Rosenbaum read most of the leader’s portion of the Haggadah, and Sankman called upon individuals to take turns doing the rest of the readings. “The seder was outstanding,” says Rosenbaum. “I am glad that we have these celebrations here because I have always celebrated all the main holidays.”

“I really enjoyed doing this — I had never been in charge of a seder,” says Sankman, “but because it was a lot of work, I told [Zohav] that he’d better be here for Passover next year.”

For Hanukkah, the staff places an electric menorah and decorations in the lobby, and provides chocolate gelt (coins) for everyone.  Each night a resident “lights” the candle and recites the prayer, and this past Hanukkah Sankman and Rosenbaum both participated in the candle lighting. Sankman says anyone can attend the menorah lighting, and her Christian friends come each night.  She also said the residents enjoyed the potato latkes the chef put on the dinner menu for two nights during Hanukkah. With a smile she recalls the time Rabbi Ephraim Zimmerman of Chabad Oro Valley came with his children for Hanukkah. They brought donuts, told stories, sang songs, and the children gave everyone cards they had made for the occasion.

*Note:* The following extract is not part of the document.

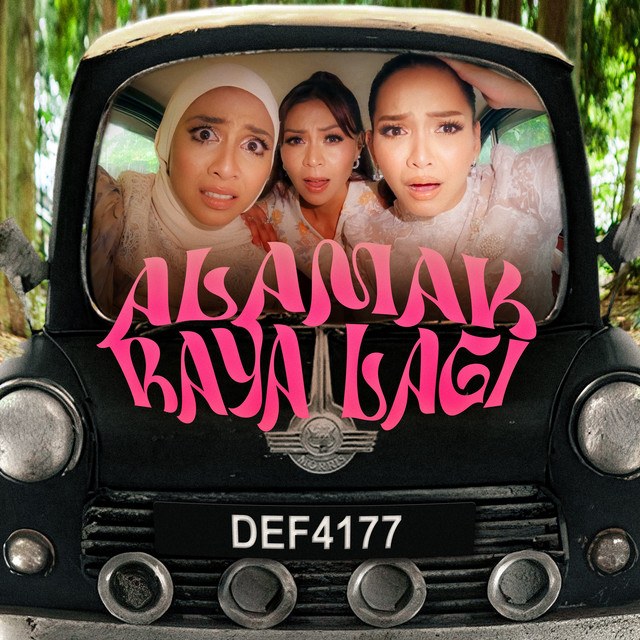 Alamak Raya Lagi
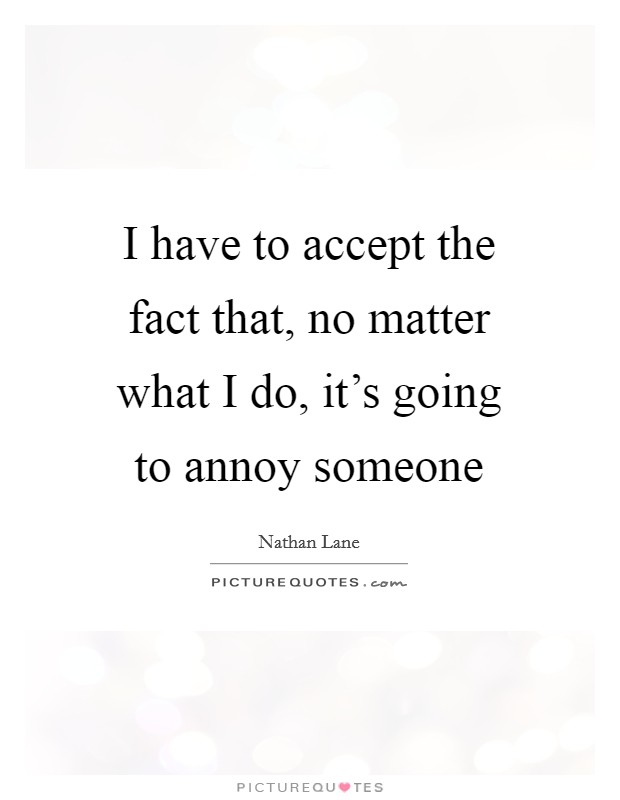 I have to accept the fact that, no matter what I do, it's going to annoy someone Picture Quote #1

Desert Point staff members also coordinate a Shabbat service on the second Friday of the month. The staff provides wine and challah, and Zohav and Rita bring prayer books and lead the service. Sankman says the Zohavs tell stories and sometimes ask residents to share stories from their childhood about Shabbat or holidays. Some Christians also attend, she says, because they enjoy the Shabbat service and listening to the stories.

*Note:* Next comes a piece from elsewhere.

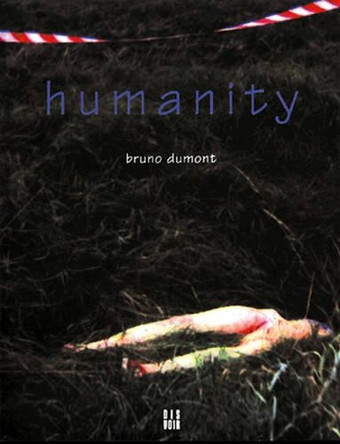 Humanity by Bruno Dumont 9782914563000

“The Shabbat services and the holiday celebrations here benefit me because I am Jewish and I enjoy observing the holidays and Shabbat,” says Sankman, “but it also brings back childhood memories.”

The Forum at Tucson

“We are very community oriented here at The Forum, and we encourage input from the residents about celebrating holidays,” says Liesen Clemons, director of sales and marketing. About 25 percent of The Forum’s residents are Jewish, and on average about 50 people attend holiday celebrations.  The holidays celebrated are Rosh Hashanah, Hanukkah, and Passover, although Clemons says they are considering including additional holidays. Once a month there is a Saturday morning Shabbat service, led by Rabbi Stephanie Aaron of Congregation Chaverim. Clemons says many residents take an active role, to each person’s comfort level. They also welcome volunteers to help with celebrations and services.

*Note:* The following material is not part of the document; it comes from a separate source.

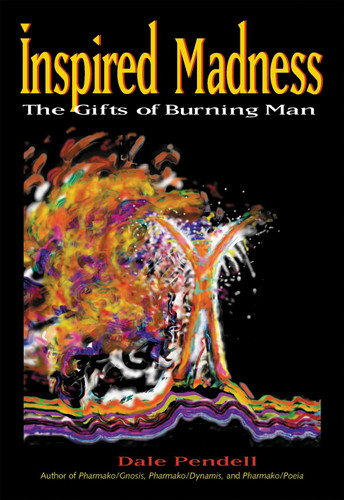Inspired Madness (The Gifts of Burning Man) by Dale Pendell, 9781583941720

Passover is their biggest celebration of the year, with a traditional seder and dinner. Residents invite family or friends, Jewish and non-Jewish, and the seder is often led by a resident and/or a family member. “Many times people from Tucson have no place to go for the seder, so our seder is open to non-residents, but they must call for a reservation,” says Clemons. This year’s seder was led by Jennifer Selco, director of Jewish life and learning at the Tucson Jewish Community Center.

Besides helping to plan celebrations, residents suggest topics for talks on Jewish-related themes presented at The Forum. They also make requests for certain foods, even sharing family recipes. “We have printed up some of these family recipes to share with others, and this has a lot of meaning for our residents,” Clemons says.

“Providing the celebrations for holidays and Shabbat services offers the benefit of continuing to provide a good quality of life,” says Clemons. “We want our residents to remain active, and to continue to relate to family and friends. The more active the resident, the more engaged they will be in the celebrations. This allows them to continue their traditions, and when people are happy, they are healthier.”

Korene Charnofsky Cohen is a freelance writer and editor in Tucson.